**Data block:**
= = = =
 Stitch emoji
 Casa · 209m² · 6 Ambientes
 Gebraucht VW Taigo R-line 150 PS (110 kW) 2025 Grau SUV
= = = =
**Exercise:** Everything in the listing should be transcribed exactly.

**Solution below:**
 Stitch emoji
 Casa · 209m² · 6 Ambientes
 Gebraucht VW Taigo R-line 150 PS (110 kW) 2025 Grau SUV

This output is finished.